日本の河川行政の遅れ

稲葉川放水路

 先日N町内の会長と農家組合長に同行し長岡地域振興局に河川改修のお願いに行って来ました。
 私の住む栖吉地区は山麓の町内もあることから新潟県が管理する1級河川が4本も流れています。
 一番大きな川は、栖吉川、そして猿橋川、稲葉川、城下川と続きます。それぞれ当地区にある山を水源地にとしており、栖吉川、猿橋川は信濃川の支川、稲葉川、城下川は猿橋川の支川となっています。
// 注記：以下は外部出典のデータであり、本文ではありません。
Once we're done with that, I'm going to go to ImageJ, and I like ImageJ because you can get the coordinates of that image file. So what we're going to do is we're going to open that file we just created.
 今回お願したのは護岸改修です。上流部分は平場の下流部分に比べ河川の勾配もきつく、曲がりくねっており、そして川幅も狭いため至る所で護岸が崩れています。上流部は住宅の数も平場の下流部に比べ少ないですので、住宅の洪水や浸水被害もそう多くありませんが、農地の被害は米を作る農家にとっては大きな問題となっています。
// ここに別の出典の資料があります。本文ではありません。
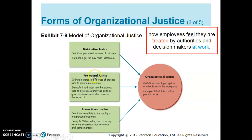Next is organisational justice, another theory related to motivation. Organisational justice is how employees feel they are being treated by the authority or management at work in the organisation. There are three types: distributive justice, procedural justice, and interactional justice. Overall, organisational justice is about your overall perception of whether you are being treated fairly or not fairly by the management. Distributive justice is about the outcome you perceive — whether it is fair or not. For example, 'I got the pay raise I deserve' — if it is fair, then you think the pay raise you got is justified.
 しかし、昨今の経済状況そして政治の混迷により、上流部分の改修は「金がないから今のところは対応できない」ということが現状の様です。
 現在の河川行政はというと、当然経済的な損害の大きな所から対応していくのが順序ですので平場の下流部分から改修して行くのが当たり前になっています。しかし、人間の病気に例えると下流部分は病気に罹った患部(部分)、そして上流部分は病気を起こす病原(原因)部分ですので、両方を一緒に治療しなければ完治することはありません。つまり、日本の河川行政は対処療法であり、何れまた直さなかればならないことを前提に下流部分を改修(治療)をしているのが現状です。
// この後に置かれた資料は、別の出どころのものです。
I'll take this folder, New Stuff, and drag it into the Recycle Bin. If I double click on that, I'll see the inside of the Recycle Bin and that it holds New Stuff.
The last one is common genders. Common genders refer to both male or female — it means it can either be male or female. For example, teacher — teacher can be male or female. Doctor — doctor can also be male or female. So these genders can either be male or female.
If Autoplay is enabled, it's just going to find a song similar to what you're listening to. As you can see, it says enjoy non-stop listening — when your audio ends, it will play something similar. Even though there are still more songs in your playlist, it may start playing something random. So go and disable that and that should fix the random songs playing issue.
 金がないから病原の治療を放っておくような河川行政では、只予算を水に流しているような気がしてなりません。しかし、一般世論やマスコミの論調は「人の少ない・居ない場所の川を直したり、ダムを造ったりすることは公共事業の無駄遣であり、自然破壊に繋がる!」と言い、上流部の改修については全く否定的です。担当者も「河川事業推進は道路事業の推進に比げ非常に難しい!」と嘆いていました。
 河川行政だけではなく、現在の行政、特に土木行政は「被害がなければ予算が付かない。被害が出ると待ってましたとばかり、大きな予算が時限的につき、急げ急げで工事が進み、地元との調整もままならない内に、要らない橋や道路そして治水施設が出来てしまい、そしてその管理は結局地元に押しつけらる?」のが現状です。地元も役所の担当者もこれらの対応に頭を抱えています。
 政治が変わらなければいつまでたってもこの問題は解決しないなと思いながら振興局を後にしました。